A Escola Masculina- Em “Apontamentos” de Manuel Eufrásio de Azevedo Marques, 1879, consta a criação da Cadeira Masculina de Primeiras Letras no bairro do Rio Feio, em Tatuí, no ano de 1875. Criada a cadeira masculina em 1875, demorou muito tempo para ser instalada, cerca de 3 (três) anos, apesar da tentativa do Inspetor do Distrito de Tatuí, sr. Porfírio José de Souza Negrão, em 16 de julho de 1877, quando indicou o professor Antônio Carlos de Freitas para o Rio Feio, mas a transferência não se concretizou. A escola somente funcionou, em condições impróprias, sem o mobiliário necessário e outros materiais didáticos, com a chegada do primeiro professor: o sacerdote católico Francisco José de Miranda, transferido de Tatuí, onde regia a 2a. cadeira masculina desde 18/07/1875. Tomou posse em 01/05/1878; a matrícula foi aberta no dia 14/05/1878 e começou o trabalho escolar com 24 alunos. As dificuldades foram enormes e o número de alunos foi aumentando aos poucos, o que pode ser comprovado através dos relatórios enviados pelo professor.
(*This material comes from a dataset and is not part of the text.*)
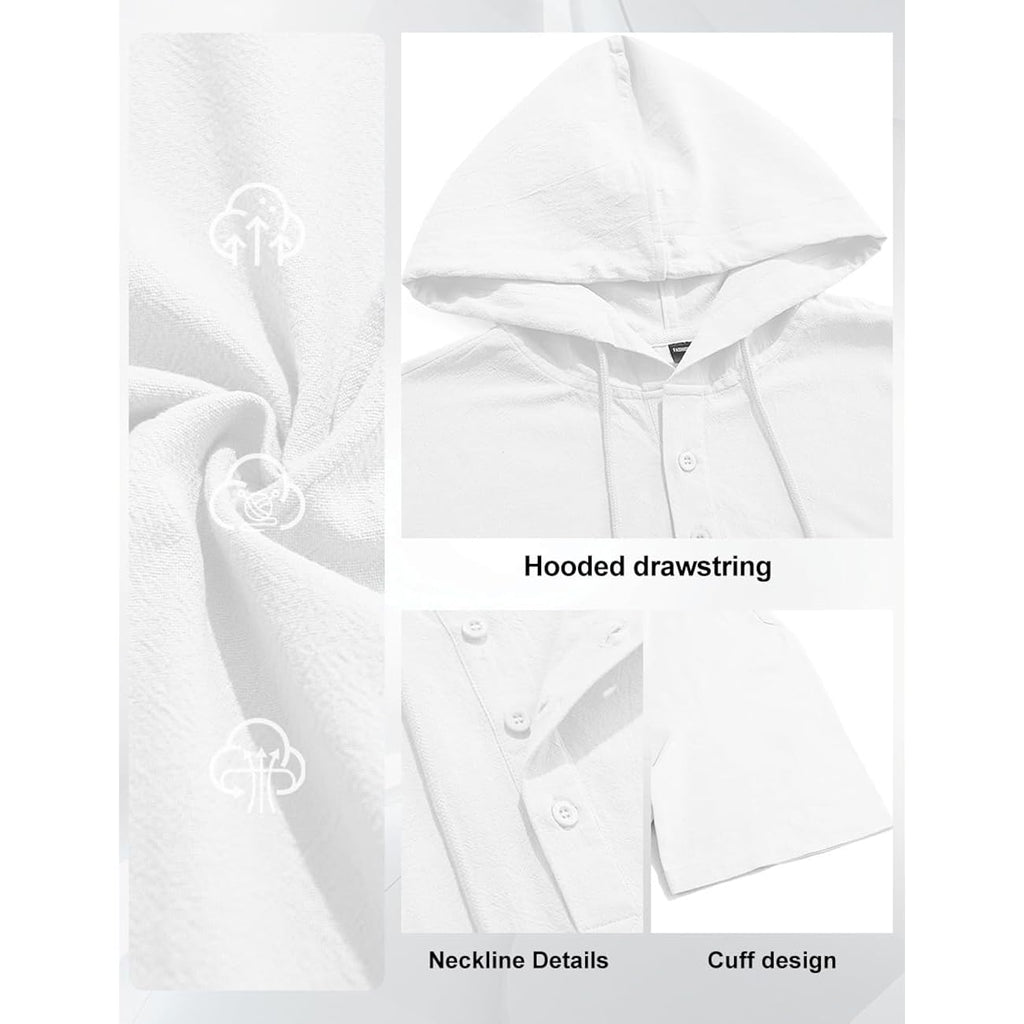 Men'S Cotton Linen Shirts Short Sleeve Casual Button Down Hoodies Summer Hawaiian Beach Top With Drawstring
Deixava claro que as falhas para uma maior adesão não se restringiam somente à falta de um local adequado às aulas, mas principalmente pela situação econômica da maioria das famílias, sem recursos, e das dificuldades de comunicação. Em maio de 1879 eram 31 alunos e, em novembro do mesmo ano, o grupo já atingia 40 matriculados. O padre Francisco permaneceu no Rio Feio até 30/01/1880, quando se removeu para a Freguesia do Turvo. A cadeira ficou vaga e em setembro de 1881, decorridos quase dois anos, como nada tinha sido providenciado, “os fazendeiros do populoso bairro do Rio Feio pediram ao sr. Antônio de Oliveira Leite Setubal, Inspetor da Instrução Pública de Tatuí, que a cadeira fosse provida o mais rápido possível”. O tempo passou e a criançada ficou sem as aulas, pois o segundo professor – Rodolfo Cassimiro da Rocha somente começou a trabalhar em 10/11/1883; já fazia quase 4 anos que a escola estava acéfala, sem nenhum professor no Rio Feio.
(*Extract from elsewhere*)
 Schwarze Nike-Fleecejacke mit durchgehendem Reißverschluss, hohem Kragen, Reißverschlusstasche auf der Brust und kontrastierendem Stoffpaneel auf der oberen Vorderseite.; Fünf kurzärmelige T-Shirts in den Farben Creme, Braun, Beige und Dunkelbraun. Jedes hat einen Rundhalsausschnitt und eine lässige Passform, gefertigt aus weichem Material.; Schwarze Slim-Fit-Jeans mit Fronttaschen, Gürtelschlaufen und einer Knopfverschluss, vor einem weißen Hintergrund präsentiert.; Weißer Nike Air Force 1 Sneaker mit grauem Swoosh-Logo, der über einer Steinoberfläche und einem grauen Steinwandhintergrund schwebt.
O Primeiro Professor – Padre Francisco José de Miranda natural de Jacareí, era filho de Marianno de Brito de Miranda e Josefina Maria da Conceição. Foram seus avós paternos: Manoel Correa de Miranda e Joaquina Maria de Jesus; maternos: Emídio Duarte e Virgínia do Nascimento. Exerceu o sacerdócio em Lorena e Caçapava, a partir de 1864 e, em 1867 já estava em Botucatu. Foi vigário encomendado da Paróquia do Braz (São Paulo) em 1875; trabalhou em Tatuí (1879-1880). O Padre Francisco permaneceu na Escola do Rio Feio ate 30/01/1880, quando se removeu para a Freguesia do Turvo. Trabalhou depois em Bofete de 1884 a 1893, onde foi também Presidente do Conselho de Instrução.
A Escola Feminina – A Cadeira Feminina de Primeiras Letras, no bairro do Rio Feio (Freguesia da Capela de Santo Antônio do Rio Feio), foi criada através do Decreto nº 82, de 17/06/1881 e somente foi instalada em 01/08/1885 quando assumiu a professora América Kuntz Cardoso (Foto), que dirigiu a escola por dez anos.
A primeira professora – América Kuntz Cardoso, natural de Tatuí, filha de João Nicolau Kuntz e Maria da Conceição, foi a primeira professora pública de Porangaba, então Freguesia da Capela de Santo Antônio do Rio Feio, nomeada, conforme noticiou o jornal “O Progresso de Tatuí”, edição nº. 368, de 05/07/1885. Foi casada com o Capitão Francisco da Silva Cardoso e, ao converter-se ao protestantismo, no início do século passado, teve sérios desentendimentos com o padre José Gorga, vigário da paróquia, culminando com uma série de denúncias e um processo administrativo na área da educação. Transferiu-se, em 04/07/1905, a pedido, para a Escola de Torre de Pedra. Posteriormente, mudou-se para Guareí, onde lecionou por muitos anos. Faleceu naquela cidade, em 27/04/1953, com 90 anos de idade.
Sugerimos às atuais autoridades porangabenses que prestem as homenagens devidas a esses ilustres professores – figuras pioneiras pela abnegação, desprendimento e vocação, que muito engrandeceram a história da instrução pública primária de nossa terra. Novas escolas publicas e outros logradouros municipais poderiam receber os seus nomes.
Foto: “Professora América Kuntz Cardoso”, acervo pessoal.